Career highlights and awards
- World Series champion (1928);

= Fred Heimach =

American baseball player (1901–1973)

Frederick Amos Heimach (January 27, 1901 – June 1, 1973) was an American Major League Baseball pitcher for the Philadelphia Athletics (1920–1926), Boston Red Sox (1926), New York Yankees (1928–1929) and Brooklyn Robins / Brooklyn Dodgers (1930–1933). He helped the Yankees win the 1928 World Series.

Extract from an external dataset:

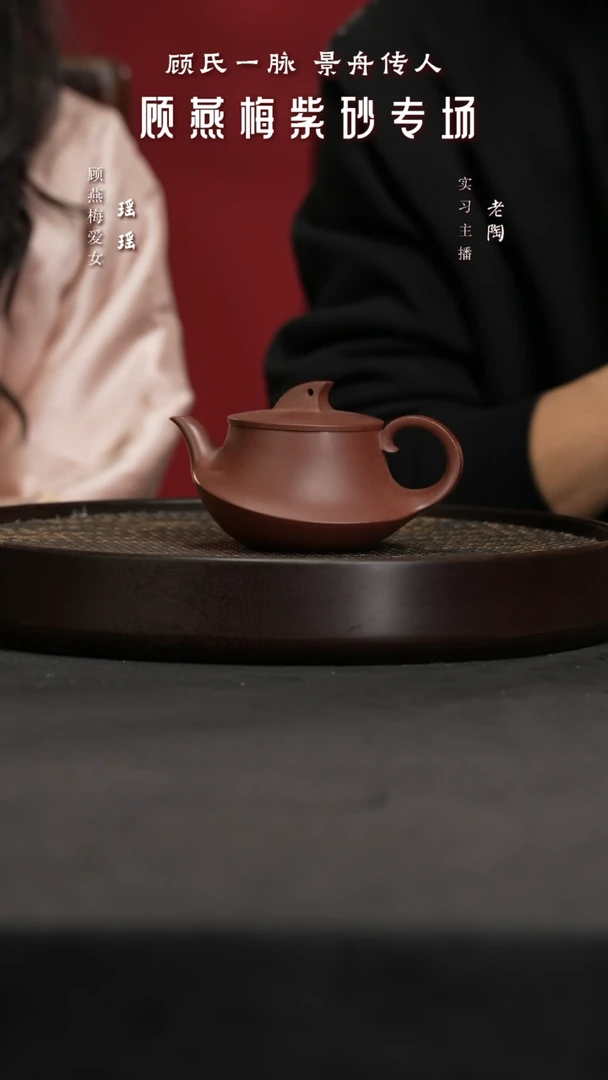 【闪购商品】紫砂茶壶陶GYM48顾燕梅一帆风顺玫红底220C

In 13 seasons, he had a 62–69 win–loss record, 296 games, 127 games started, 56 complete games, 5 shutouts, 104 games finished, 7 saves, 1,288 2/3 innings pitched, 1,510 hits allowed, 755 runs allowed, 639 earned runs allowed, 64 home runs allowed, 360 walks allowed, 334 strikeouts, 27 hit batsmen, 14 wild pitches, 5,674 batters faced, 4 balks and a 4.46 ERA.

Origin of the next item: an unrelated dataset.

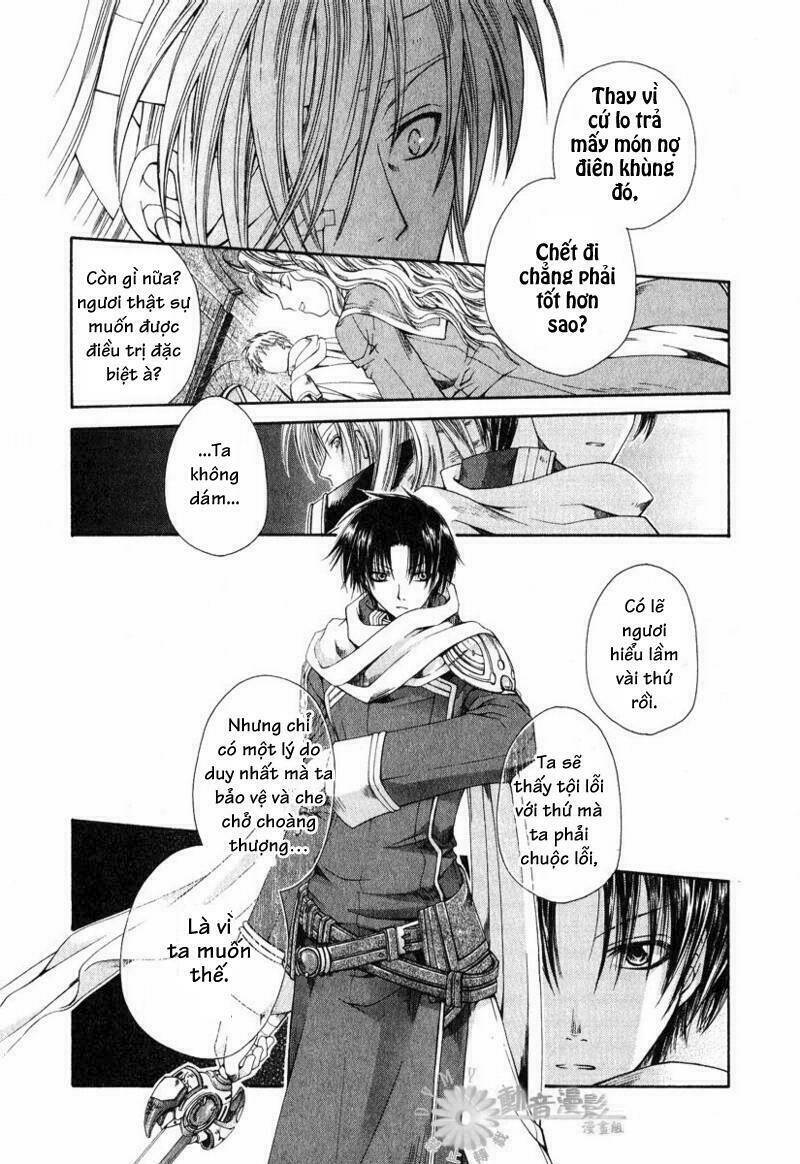 shirogane no ou chapter 2 19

He was a very good hitting pitcher. He compiled a .236 batting average (128-for-542) with 58 runs, 3 home runs and 50 RBIs. As a member of the Philadelphia Athletics, in 1923 he batted .254 (30-for-118) with 11 RBI, he also played 6 games at first base and batted .322 in 1924 (29-for-90) with 12 RBI.

He recorded a .972 fielding percentage in his 13 year major league career. After committing two errors in the third inning on September 22, 1926 pitching for the Athletics against the Cleveland Indians at League Park, he went the next 134 appearances and handling 172 total chances (24 putouts, 148 assists) to the end of his career in 1933 without another miscue.

Heimach served as an officer for the Miami Beach Police Department for 20 years until retiring 1956. He died in Fort Myers, Florida after moving back east from Arizona in 1966 at the age of 72.